On a tiresome train ride to London, Nick takes up conversation with an un-characteristically cultured fellow officer called David Pennistone, destined to become his long-time friend.
“‘Talking of Vienna,’ he said, ‘did you ever have the extraordinary experience of entering that gallery in the Kusthistorisches Museum with the screen across the end of it? On the other side of the screen, quite unexpectedly, you find these four staggering Bruegels.’
‘The Hunters in the Snow is almost my favorite picture.’
‘I am also very fond of the Two Monkeys in the Kaiser Friedrich in Berlin. I’ve just been sharing a room with a man in the Essex Regiment who looks exactly like the ape on the left, the same shrewd expression.’”
Pieter Bruegel the Elder (Dutch, 1525-1569) is the beloved, enigmatic painter whose scenes of peasant life are the source of much of what we know about rural mores in the Low Countries of the 16th century. He studied in Antwerp with Pieter Coecke van Aelst and married his daughter. His sons Pieter the Younger and Jan also became painters; Pieter the Elder was born Brueghel but dropped the ‘h’ from his name; his sons restored it to theirs. Breugel’s Hunters in the Snow of 1565 is one of five surviving paintings depicting the months of the year and their occupations.
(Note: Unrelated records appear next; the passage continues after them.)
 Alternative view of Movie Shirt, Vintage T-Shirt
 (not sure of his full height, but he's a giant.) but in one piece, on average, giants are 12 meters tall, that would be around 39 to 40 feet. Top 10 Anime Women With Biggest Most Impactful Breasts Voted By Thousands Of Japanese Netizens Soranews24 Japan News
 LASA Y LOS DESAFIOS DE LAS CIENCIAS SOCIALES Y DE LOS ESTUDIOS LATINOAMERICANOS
Bruegel’s Two Monkeys of 1562 is of more mysterious, probably allegorical, significance. It was memorably invoked by the Polish poet Wislawa Szymborska (1923-2012) in her poem entitled “Two Monkeys by Brueghel” (translated here by Magnus Krynski):
I keep dreaming of my graduation exam:
in a window sit two chained monkeys,
beyond the window floats the sky,
and the sea splashes.
I am taking an exam on the history of mankind:
I stammer and flounder.
One monkey, eyes fixed upon me, listens ironically,
the other seems to be dozing–
and when silence follows a question,
he prompts me
with a soft jingling of the chain.
Hunters in the Snow remains at the Kunsthistorisches Museum in Vienna. The Kaiser Friedrich Museum was renamed the Bode Museum after the War, and Two Chained Monkeys has been moved to the Gemäldegalerie, another branch of the Berlin State Museums (Staatliche Museen zu Berlin).